# Basement floor - what type of concrete to use?



## Canarywood1 (May 5, 2012)

Evilhomer said:


> I'm installing a bathroom in my basement. I broke up the existing concrete and dug everything out to get the drainage pipe in, now I've got to fill it back in. I broke the old stuff with hammers so it's pretty jagged and uneven. Would a general use concrete suit the job or do I need to go with something more specific?
> 
> Also, any idea how much I'll need.
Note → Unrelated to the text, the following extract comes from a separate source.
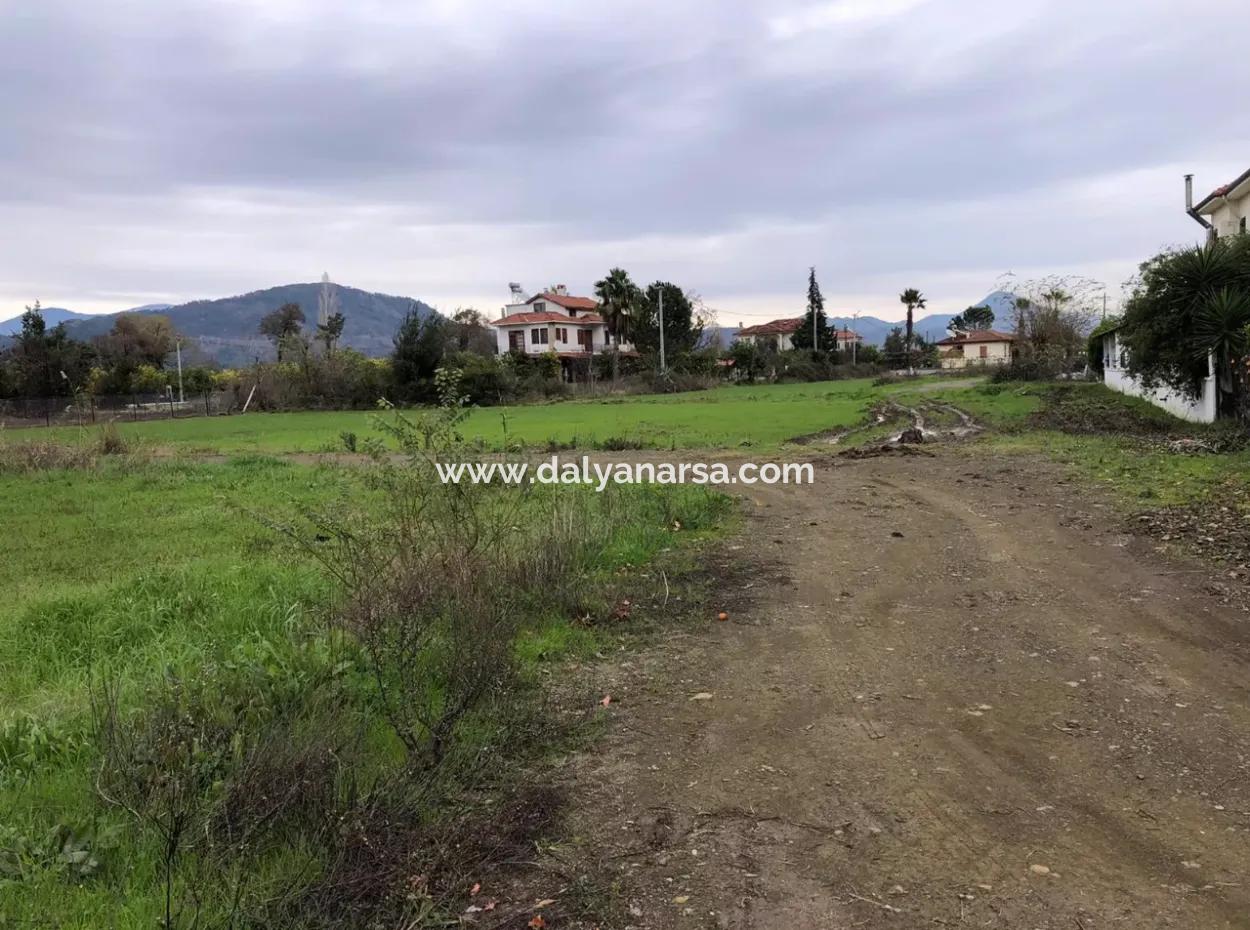 Okçular'da 540M2 Satılık Arsa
It's broken up roughly in a T-shape, one run is 7 ft x 12 in, the other run is 5 ft x 18 in, and it was about 3 inches thick.
> 
> Thanks.


 
You'll need 9 or 10 60lb bags of sakcrete if your demensions are accurate.


----------



## Mort (Nov 26, 2008)

If it says you need 9 or 10, get 11 or 12. Trust me on this one.

And just your average bags of Sakrete at Hombre Depot will do nicely. It doesn't need to have air entrainment, just make sure its not a sand-only mix.


----------



## Evilhomer (May 21, 2012)

Thanks, 7 bags did the trick.


----------



## stadry (Jun 20, 2009)

@4" depth, ea 80# bag yields 2sf OR .67cf,,, @3" depth, the yield is the same BUT you'll fill 25% more sf - just like coffee, throw in an extra b for the pot ;-) forget the bag's compressive strength but don't add more wtr than nec OR you'll lower the strength of the conc :thumbsup:


----------